=== Begin Enclosure ===

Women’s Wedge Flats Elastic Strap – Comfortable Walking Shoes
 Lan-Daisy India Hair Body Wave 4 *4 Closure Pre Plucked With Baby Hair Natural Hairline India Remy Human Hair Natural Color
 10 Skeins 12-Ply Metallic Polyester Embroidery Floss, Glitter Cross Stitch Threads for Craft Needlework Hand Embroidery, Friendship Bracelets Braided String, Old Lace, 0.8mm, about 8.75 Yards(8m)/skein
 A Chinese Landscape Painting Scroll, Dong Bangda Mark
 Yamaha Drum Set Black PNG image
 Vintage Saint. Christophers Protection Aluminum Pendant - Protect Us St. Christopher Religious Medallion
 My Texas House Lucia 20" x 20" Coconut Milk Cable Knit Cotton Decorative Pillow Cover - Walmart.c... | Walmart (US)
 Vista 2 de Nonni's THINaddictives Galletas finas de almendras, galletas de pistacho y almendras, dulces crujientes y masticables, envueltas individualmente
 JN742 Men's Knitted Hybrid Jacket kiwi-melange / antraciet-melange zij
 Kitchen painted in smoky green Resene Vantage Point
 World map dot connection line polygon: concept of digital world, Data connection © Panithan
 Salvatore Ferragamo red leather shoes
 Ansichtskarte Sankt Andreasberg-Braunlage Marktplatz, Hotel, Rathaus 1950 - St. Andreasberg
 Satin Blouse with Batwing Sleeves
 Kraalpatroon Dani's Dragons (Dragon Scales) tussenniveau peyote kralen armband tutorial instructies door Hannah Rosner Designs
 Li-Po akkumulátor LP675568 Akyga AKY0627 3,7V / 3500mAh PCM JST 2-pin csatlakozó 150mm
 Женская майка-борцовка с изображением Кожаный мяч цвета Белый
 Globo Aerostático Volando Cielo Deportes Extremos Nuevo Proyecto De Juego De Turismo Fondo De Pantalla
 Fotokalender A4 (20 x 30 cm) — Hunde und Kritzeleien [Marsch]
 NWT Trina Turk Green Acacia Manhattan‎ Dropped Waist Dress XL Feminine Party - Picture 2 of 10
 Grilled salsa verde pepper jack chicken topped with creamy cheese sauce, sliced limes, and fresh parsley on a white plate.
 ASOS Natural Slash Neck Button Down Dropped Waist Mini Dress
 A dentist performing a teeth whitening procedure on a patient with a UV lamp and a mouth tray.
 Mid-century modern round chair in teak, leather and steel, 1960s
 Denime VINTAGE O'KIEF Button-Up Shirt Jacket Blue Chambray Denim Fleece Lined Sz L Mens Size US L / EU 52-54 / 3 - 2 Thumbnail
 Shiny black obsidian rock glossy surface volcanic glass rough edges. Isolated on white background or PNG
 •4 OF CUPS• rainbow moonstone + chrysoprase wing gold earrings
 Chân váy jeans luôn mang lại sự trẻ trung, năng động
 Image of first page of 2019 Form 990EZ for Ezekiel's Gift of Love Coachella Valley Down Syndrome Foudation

=== End Enclosure ===

Directions
Exactly as written, please output every entry.

Response to this task
Women’s Wedge Flats Elastic Strap – Comfortable Walking Shoes
 Lan-Daisy India Hair Body Wave 4 *4 Closure Pre Plucked With Baby Hair Natural Hairline India Remy Human Hair Natural Color
 10 Skeins 12-Ply Metallic Polyester Embroidery Floss, Glitter Cross Stitch Threads for Craft Needlework Hand Embroidery, Friendship Bracelets Braided String, Old Lace, 0.8mm, about 8.75 Yards(8m)/skein
 A Chinese Landscape Painting Scroll, Dong Bangda Mark
 Yamaha Drum Set Black PNG image
 Vintage Saint. Christophers Protection Aluminum Pendant - Protect Us St. Christopher Religious Medallion
 My Texas House Lucia 20" x 20" Coconut Milk Cable Knit Cotton Decorative Pillow Cover - Walmart.c... | Walmart (US)
 Vista 2 de Nonni's THINaddictives Galletas finas de almendras, galletas de pistacho y almendras, dulces crujientes y masticables, envueltas individualmente
 JN742 Men's Knitted Hybrid Jacket kiwi-melange / antraciet-melange zij
 Kitchen painted in smoky green Resene Vantage Point
 World map dot connection line polygon: concept of digital world, Data connection © Panithan
 Salvatore Ferragamo red leather shoes
 Ansichtskarte Sankt Andreasberg-Braunlage Marktplatz, Hotel, Rathaus 1950 - St. Andreasberg
 Satin Blouse with Batwing Sleeves
 Kraalpatroon Dani's Dragons (Dragon Scales) tussenniveau peyote kralen armband tutorial instructies door Hannah Rosner Designs
 Li-Po akkumulátor LP675568 Akyga AKY0627 3,7V / 3500mAh PCM JST 2-pin csatlakozó 150mm
 Женская майка-борцовка с изображением Кожаный мяч цвета Белый
 Globo Aerostático Volando Cielo Deportes Extremos Nuevo Proyecto De Juego De Turismo Fondo De Pantalla
 Fotokalender A4 (20 x 30 cm) — Hunde und Kritzeleien [Marsch]
 NWT Trina Turk Green Acacia Manhattan‎ Dropped Waist Dress XL Feminine Party - Picture 2 of 10
 Grilled salsa verde pepper jack chicken topped with creamy cheese sauce, sliced limes, and fresh parsley on a white plate.
 ASOS Natural Slash Neck Button Down Dropped Waist Mini Dress
 A dentist performing a teeth whitening procedure on a patient with a UV lamp and a mouth tray.
 Mid-century modern round chair in teak, leather and steel, 1960s
 Denime VINTAGE O'KIEF Button-Up Shirt Jacket Blue Chambray Denim Fleece Lined Sz L Mens Size US L / EU 52-54 / 3 - 2 Thumbnail
 Shiny black obsidian rock glossy surface volcanic glass rough edges. Isolated on white background or PNG
 •4 OF CUPS• rainbow moonstone + chrysoprase wing gold earrings
 Chân váy jeans luôn mang lại sự trẻ trung, năng động
 Image of first page of 2019 Form 990EZ for Ezekiel's Gift of Love Coachella Valley Down Syndrome Foudation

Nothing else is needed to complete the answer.